● **INPUT DATA**
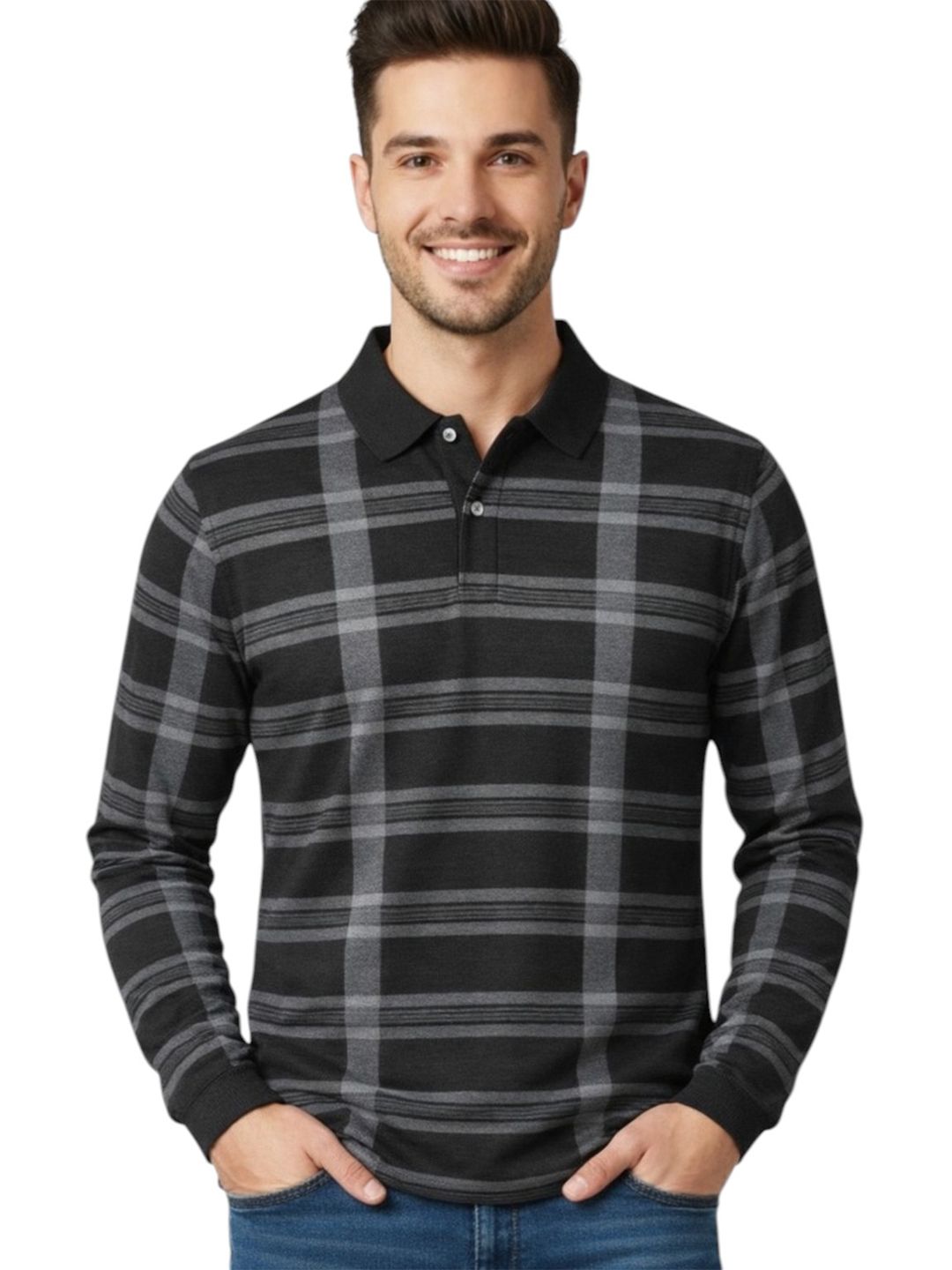 Moda Rapido Men Checked Polo Collar T-shirt
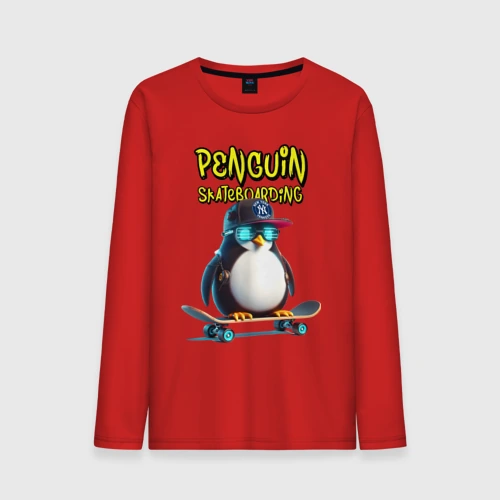 Мужской лонгслив хлопок Penguin skateboarding - ai art fantasy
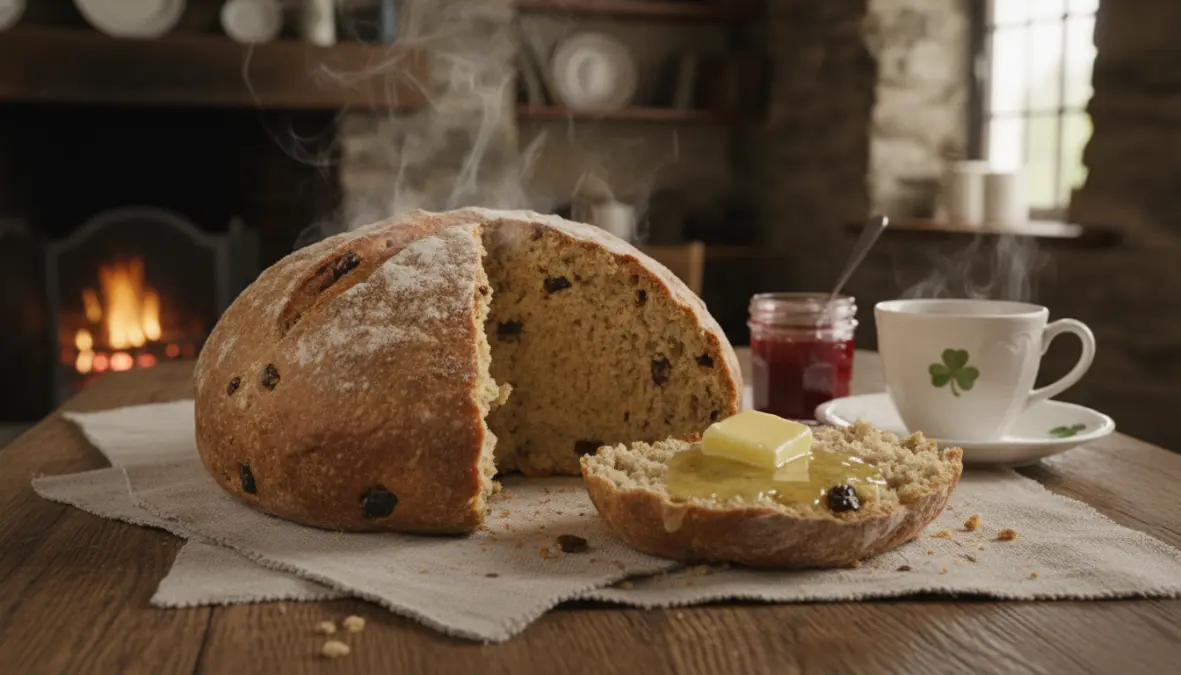 Cross-section of traditional soda bread culture showing authentic texture and serving of irish soda bread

● **EXERCISE**
Write the material above out again exactly. Omit every image.

● **ANSWER BELOW**
 Moda Rapido Men Checked Polo Collar T-shirt
 Мужской лонгслив хлопок Penguin skateboarding - ai art fantasy
 Cross-section of traditional soda bread culture showing authentic texture and serving of irish soda bread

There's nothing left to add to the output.